Le débat autour du transfert des formations des centres de Kerliver et d’Hanvec alimentent les conversations en Bretagne. La Région a décidé de déplacer certaines formations vers des sites comme Châteaulin et Morlaix suite à une chute des effectifs et à des raisons financières. Bien que cette mesure vise à optimiser l’enseignement, elle suscite une vive opposition de la part des responsables et des apprenants des centres concernés. C’est un véritable choc pour cette communauté locale qui s’inquiète pour l’avenir de l’éducation professionnelle dans leur région.

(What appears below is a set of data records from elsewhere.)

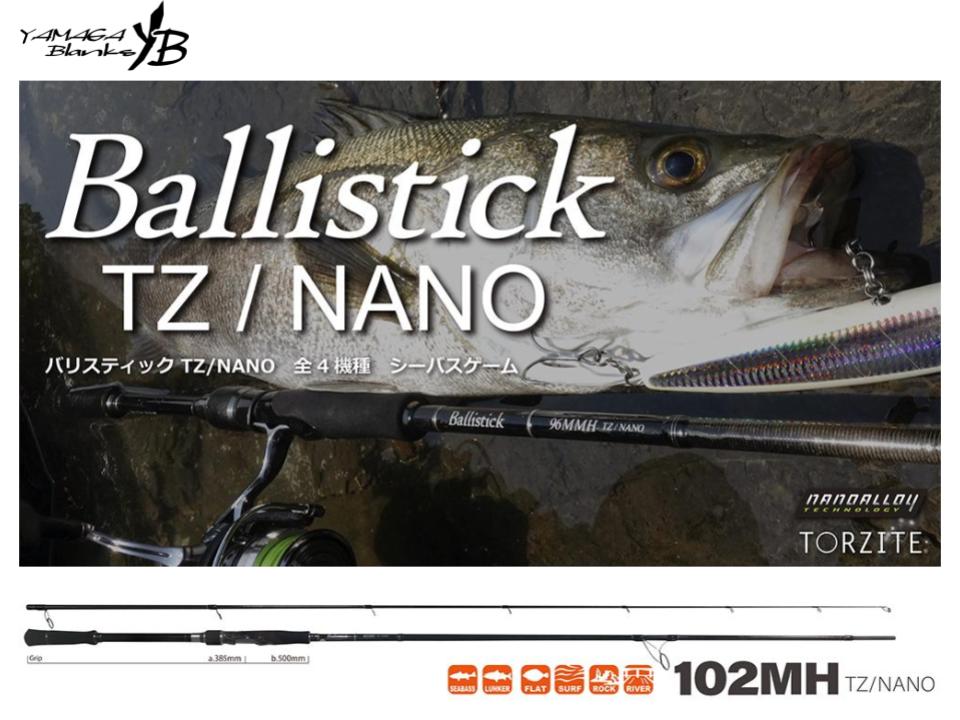 Yamaga Blanks Ballistick 102MH TZ/NANO – JDM TACKLE HEAVEN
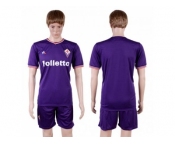 Florence Blank Home Soccer Club Jersey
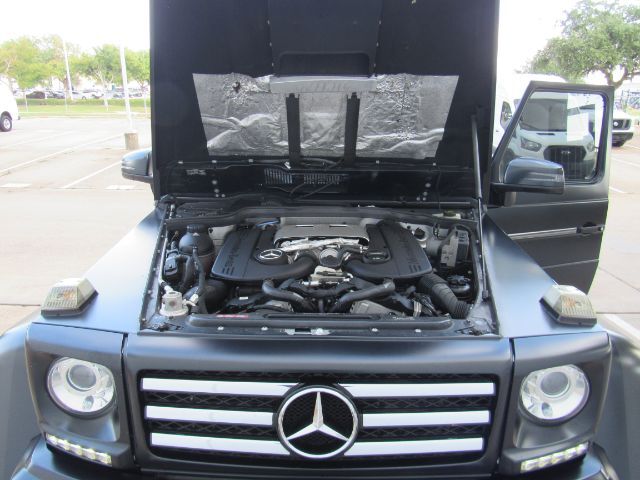 2017 Mercedes-Benz G-Class G 550 4x4 Squared 4-Matic Plano TX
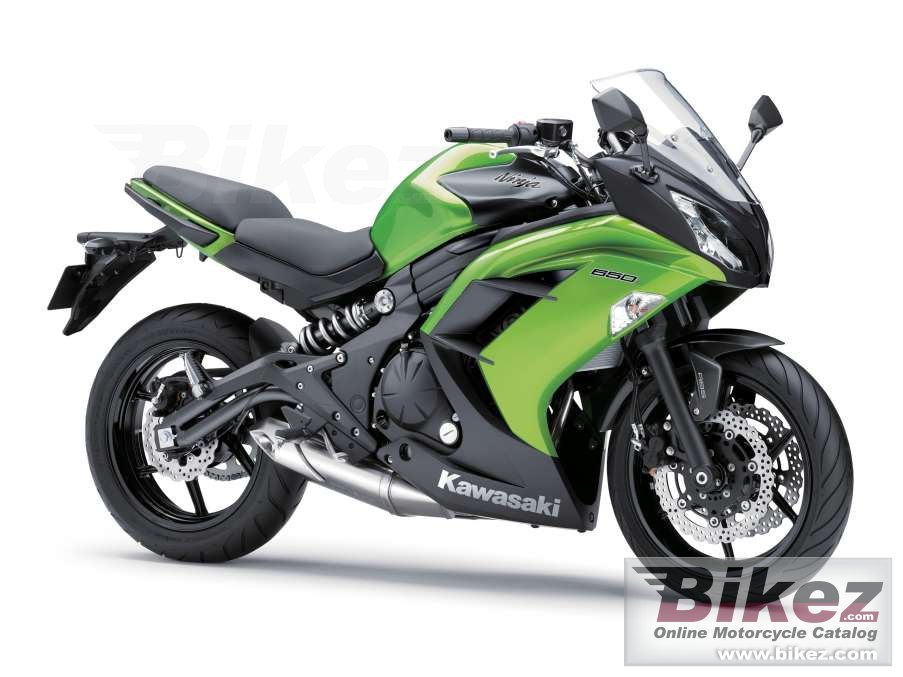 Big Kawasaki ninja 650l (lams) abs picture and wallpaper from Bikez.com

La fermeture de Kerliver : un coup dur pour la formation
Kerliver, un acteur historique de la formation agricole, fait face à une situation délicate. La décision de la Région Bretagne de fermer progressivement le site à partir de septembre 2025 s’inscrit dans une stratégie de rationalisation des ressources. Pourtant, 186 étudiants ont fait leur rentrée cette année malgré l’incertitude qui plane sur leur avenir éducatif. La passion pour l’agriculture et l’engagement des formateurs prennent un coup. Face à cette situation, la mobilisation des face de Kerliver et d’Hanvec est palpable, renforcée par des parents et des anciens élèves qui ne souhaitent pas voir disparaître ce patrimoine éducatif.

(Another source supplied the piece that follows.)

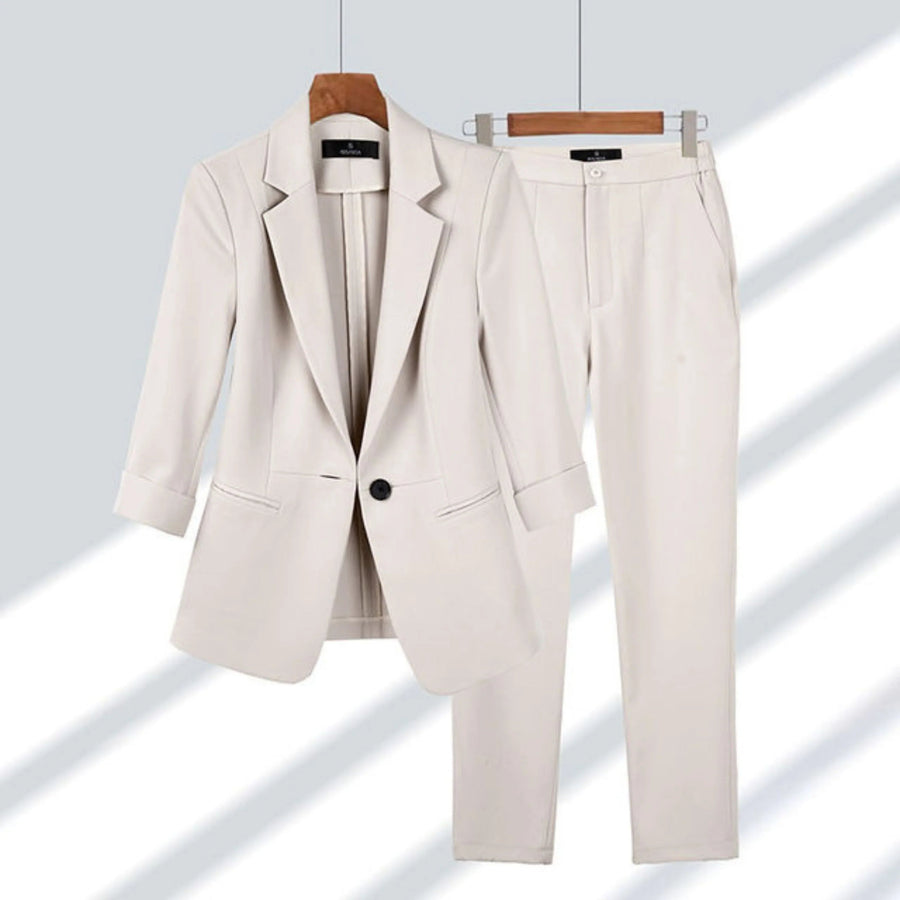 Adalora - Tailored Co-ord Set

Réaction passionnée des communautés locales
Les voix s’élèvent contre ce projet, que beaucoup perçoivent comme une menace à l’identité même de leurs formations. Des collectifs se forment, partageant leurs inquiétudes à travers les réseaux sociaux et les médias locaux. Les apprenants, souvent fiers de leur parcours à Kerliver, soulignent que le transfert n’est pas simplement une question géographique. C’est un lien avec une culture, une tradition, une façon d’apprendre qui risque d’être perdue dans cette transition. En effet, les centres d’enseignement ne sont pas que des établissements d’apprentissage ; ils sont des piliers communautaires.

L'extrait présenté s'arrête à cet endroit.